Blackberryandcherry · 13/03/2026 14:42

Thank you for replying! It’s really difficult isn’t it.

I think because my tone and delivery is poor it just doesn’t lend itself to someone listening. I’ll often find myself in a situation where I’ll say something, no one listens, and then someone else will say the same thing a bit later on.

My mum is the same as your sister and will happily talk in a monologue for hours on end about minute details that I’d never even think to bring up.

I have considered some sort of speech or language coaching, as I do also have a quiet voice which I don’t think helps either.

Ha! Yes, definitely recognise the problem with tone and delivery. I'm softly spoken too, with a rather flat tone. At the root of it, it's a lack of confidence really - expecting people not to be interested, or bored, or apathetic so as soon as we see the 'signs' that our story is not hitting the mark, rather than pushing through regardless, we withdraw and retreat. More successful conversationalist won't even notice their audience reaction - they have something they want to share, so share they will!

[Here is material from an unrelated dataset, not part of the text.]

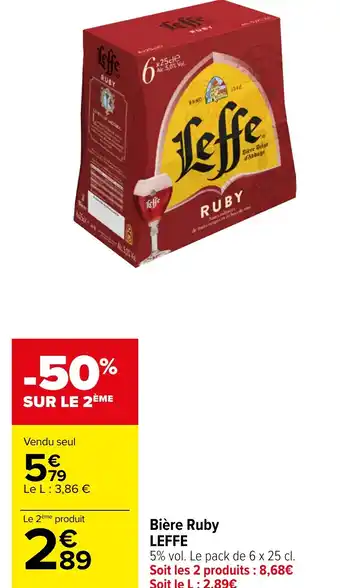 Carrefour Leffe bière ruby offre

Blackberryandcherry · 13/03/2026 18:20

JunkYardBlues · 13/03/2026 15:30

Ha! Yes, definitely recognise the problem with tone and delivery. I'm softly spoken too, with a rather flat tone. At the root of it, it's a lack of confidence really - expecting people not to be interested, or bored, or apathetic so as soon as we see the 'signs' that our story is not hitting the mark, rather than pushing through regardless, we withdraw and retreat. More successful conversationalist won't even notice their audience reaction - they have something they want to share, so share they will!

You sound exactly like me!

The more I pick up on lack of interest or boredom the flatter I can feel my voice becoming too.

It’s interesting that your sister is so different though as I can see some of my own speech patterns in my sister.

I wonder how we resolve it, does it bother you to a point you want to do something about it?